# Issue with public inputs
Let's assume our R1CS shape has $2^n$ variables, $\ell$ public inputs (including the initial 1, or $u$), and $2^m$ constraints, where $\ell < 2^n$. Take $N = \max\{2^{n+1}, 2^m\}$ as the size of the public parameters.
Our witness is the vector $W \in \mathbb{F}^{2^{n}}$ considered as a multilinear polynomial in $n$ variables $W(X_0,\ldots,X_{n-1})$. We define $P(X_0,\ldots,X_{n-1})$ as the MLE of the $\ell$ public inputs. From this, we construct the $Z \in \mathbb{F}^{2^{n+1}}$ vector where its MLE has $n+1$ variables
$$
Z(X_0,X_1,\ldots,X_{n}) = (1-X_0)\cdot W(X_1,\ldots,X_{n}) + X_0\cdot P(X_1,\ldots,X_{n})
$$
Consider that $W,P$ are valid solutions, but the prover wants to use a malicious output $\tilde{P} \in \mathbb{F}^\ell$.

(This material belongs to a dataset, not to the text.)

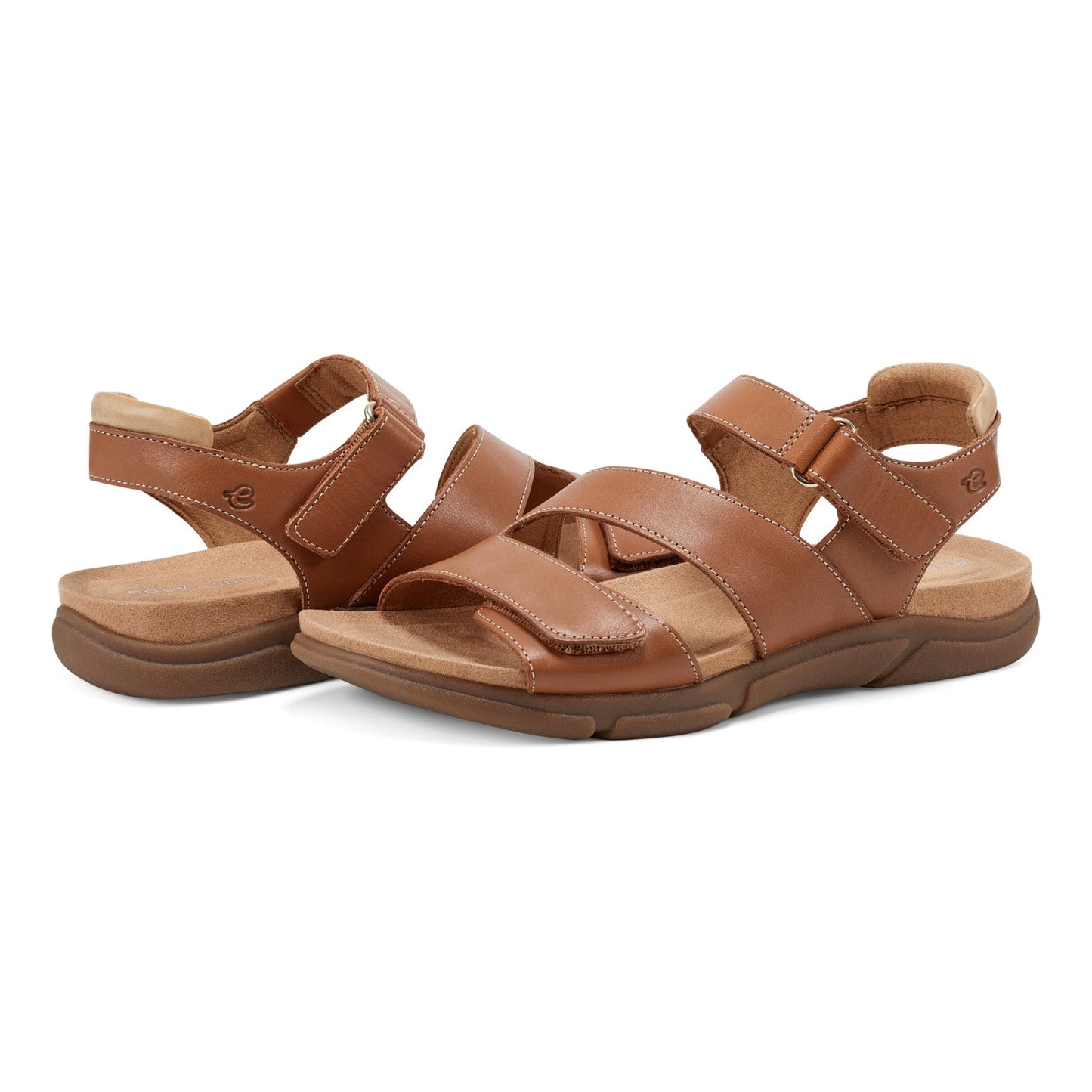 Easy Spirit Mavey Casual Sandals - Brown Leather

We can craft a malicious $\tilde{W}$ as
$$
\tilde{W}(X_0,\ldots, X_{n}) = (1-X_0)\cdot W(X_1,\ldots,X_{n}) + X_0\cdot P(X_1,\ldots,X_{n}) - X_0 \cdot \tilde{P}(X_1,\ldots,X_{n})
$$
The evaluation list of $\tilde{W}$ is represented as $W$ concatenated with $P - \tilde{P}$, for a length of $2^{n}+\ell$. It's easy to commit to this polynomial since our commitment key supports larger vectors.

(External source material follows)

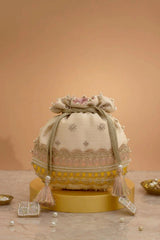 Vibha Embroidered Potli - Pink & Yellow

Notice that the corresponding $\tilde{Z}$ is equal to $Z$ since the $\tilde{P}$ component cancels out. The prover returns the malicious evaluation of $W$
$$
e_{\tilde{W}} = \frac{(1-r_0)\cdot e_W + r_0\cdot (e_P - e_{\tilde{P}})}{1-r_0}
$$
The verifier computes the evaluation of $Z$ to verify the Sumcheck
$$
e_Z = (1-r_0)\cdot e_{\tilde{W}} + r_0 \cdot e_{\tilde{P}} = (1-r_0)\cdot e_{W} + r_0 \cdot e_{P}
$$
such that the evaluation matches.
If the PCS verifying the evaluations from Sumcheck does not enforce that $W$ has at most $2^{n}$ values, and instead batches it with other evaluations by considering $W'(X_0,\ldots,X_n) = (1-X_0)W(X_1,\ldots,X_n)$ and shifting the evaluation by the first Lagrange polynomial $e_W' = (1-r_0)e_W$, then the verifier will validate the opening of the malicious $e_{\tilde{W}}$.
## Why this attack works
The problem comes from the fact that the evaluation $e_W$ is sent to the verifier after the verifier sends the Sumcheck challenge $r_0$. This allows an attacker to compute the malicious evaluation which will pass the Sumcheck, and will be valid as an evaluation of a polynomials with $2^{n+1}$ variables.
In this particular case, there is no check ensuring that $|W| < 2^n$, which could be enforced either through the PCS, or via another Sumcheck invocation.
## Impact
In the SNARK without pre-processing, all evaluations from the outer and inner instances are batched by invoking another instance of the Sumcheck protocol. This latter instance applies padding to the $W$ and $E$ vectors to ensure the evaluations $e_W$ and $e_E$ are for the points $r_y[1..]$ and $r_x$ respectively. This acts as a degree check, as long as the PCS ensures that both vectors have length at most $\max\{2^{n}, 2^m\}$. Therefore, it is not affected by this attack.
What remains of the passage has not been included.